Diminished Pacific role threatens regional stability, critics warn Scott Morrison

Australian Prime Minister Scott Morrison. Picture: REUTERS

CANBERRA, 30 AUGUST 2018 (SMH) – The former minister responsible for the Pacific says the Morrison government is jeopardising Australia’s influence in the region at a time when China is wooing island nations with infrastructure and loans.

Concetta Fierravanti-Wells, who last week criticised the direction of the Coalition government under former prime minister Malcolm Turnbull and his foreign minister Julie Bishop, has also called for the Coalition to reverse cuts to the aid budget and increase its $1.3 billion (US$950 million) spend in the region.

During last week’s leadership spill Senator Fierravanti-Wells dramatically quit Turnbull’s ministry and was subsequently relegated to the backbench by incoming Prime Minister Scott Morrison. The new ministry no longer includes a dedicated minister for the region.

Instead, Morrison named Anne Ruston as an “assistant minister” – a role formerly known as parliamentary secretary – for international development and the Pacific.

On Wednesday, Senator Ruston said she had “no idea” why Morrison had appointed her to the role.

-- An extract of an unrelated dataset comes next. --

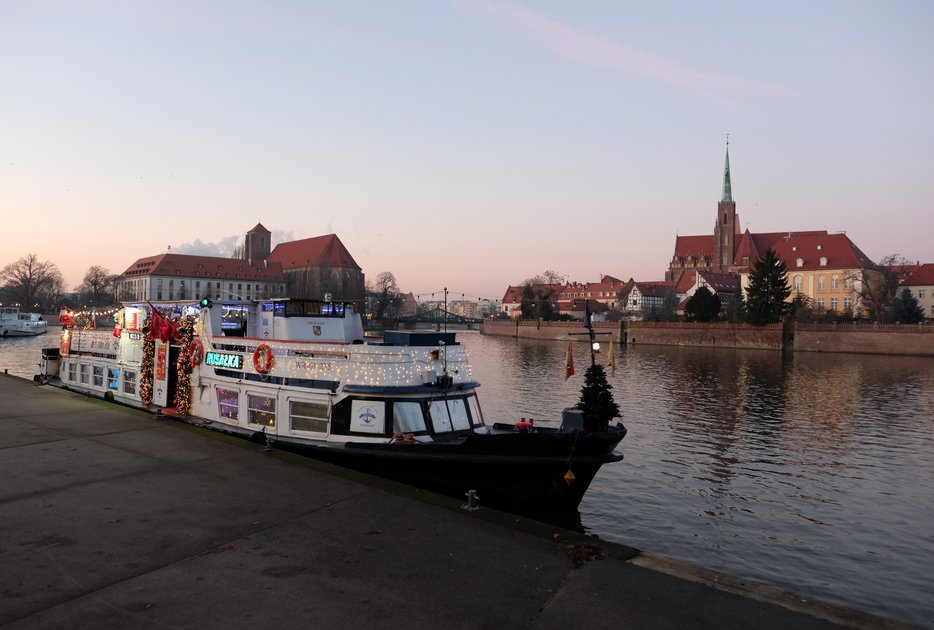Why August Is the Best Time to Book Holiday Cruises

“Well, I’m not quite sure,” she responded when asked about the promotion on ABC radio. “Anyway, very exciting new challenge but, yes, no idea at all.”

Senator Fierravanti-Wells said she had worked hard as minister for Australia to “step up” its engagement with the Pacific as part of the foreign policy white paper priorities released last year.

“At a time of growing contestability and strategic competition in our Pacific region, the downgrading of the portfolio to a parliamentary secretary role sends the wrong message,” she told Fairfax Media.

“The Coalition had elevated the Pacific to a ministerial role. Indeed, I have advocated that given the importance of the Pacific, our record development assistance of $1.3 billion for the Pacific should be increased and complemented by having a minister for foreign affairs and the Pacific.”

The Abbott and Turnbull governments cut the aid budget to about $4 billion (US$2.9 billion), representing about 0.22 per cent of gross national income.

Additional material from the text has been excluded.